Incidents of fraud and theft involving credit and debit cards have fallen sharply in the current financial year, according to data for the first nine months provided by the Reserve Bank of India.

While the exact reasons for the sharp decrease is not known, banks in India have been putting in more and more precautions after 2014 saw a sharp rise in card fraud.

The Reserve Bank of India also made it mandatory to have more than one level of authentication for ‘card not present’ transactions in Aug 2014.

For the first nine months of the ongoing financial year, the total amount of money pilfered by theives by anauthorized use of debit cards fell to Rs 19.01 cr.
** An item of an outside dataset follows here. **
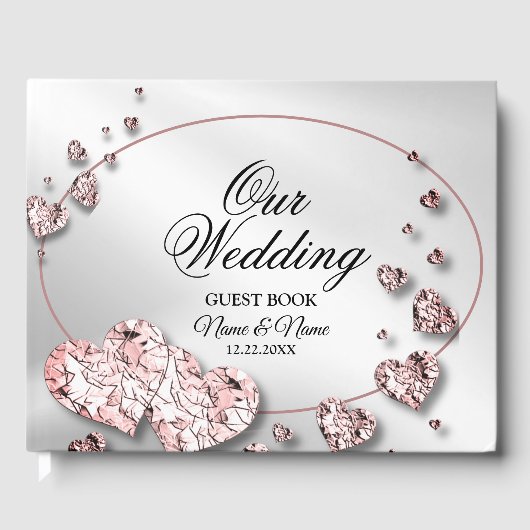 Hochzeitsfeier Pink Peach Shiny Hearts Geometric Gästebuch (Vorderseite)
For the previous year, the amount was 31.27 cr for 12 months. A financial year starts in April and ends in March.

Against 6,585 debit card related incidents reported to the RBI in FY 2015-16, the total number of such incidents reported in the first nine months of the year was 4,064.

Similarly, the total amount of money pilfered by aunauthorized use of credit card data has fallen to Rs 21.57 cr for the first nine months of the year from Rs 45.98 cr for the whole of the previous financial year.

The total number of credit card-related incidents in India fell to 4,557 in the first nine month months of the current year from 9,849 in the whole of the previous year.


The biggest area of improvement has been netbanking. Net banking frauds cost Indian banks Rs 14.95 cr in 2013-14 and Rs 24.46 cr in 2014-15.

However, with SMS-based two-factor authentication now a norm, the total money lost to net banking fraud fell to just 1.75 cr in the year ended March 2016. In the first nine months of the current year, it was Rs 1.58 cr.


The total amount lost to all three types of fraud has fallen to 42.16 cr in the first nine months of the ongoing year from Rs 79.00 cr in the whole of the previous financial year. The number of incidents too have fallen to 8,689 from 16,468.

Part of the reason for the decline in card-related security incidents may be the increased usage of mobile payments, particularly UPI payments. UPI-based apps, introduced in August last year, directly deduct the payer’s bank account and credit the money to the payee on a real time basis.

Earlier, the only way to make payments on a real time basis was to use cards or net banking.

It is likely that banks will report a new item — UPI related security incidents — in their updates to the RBI starting from next year. Though designed to be secure, UPI relies on ‘device fingerprinting’ and a four- or six-digit manual code to authenticate transactions.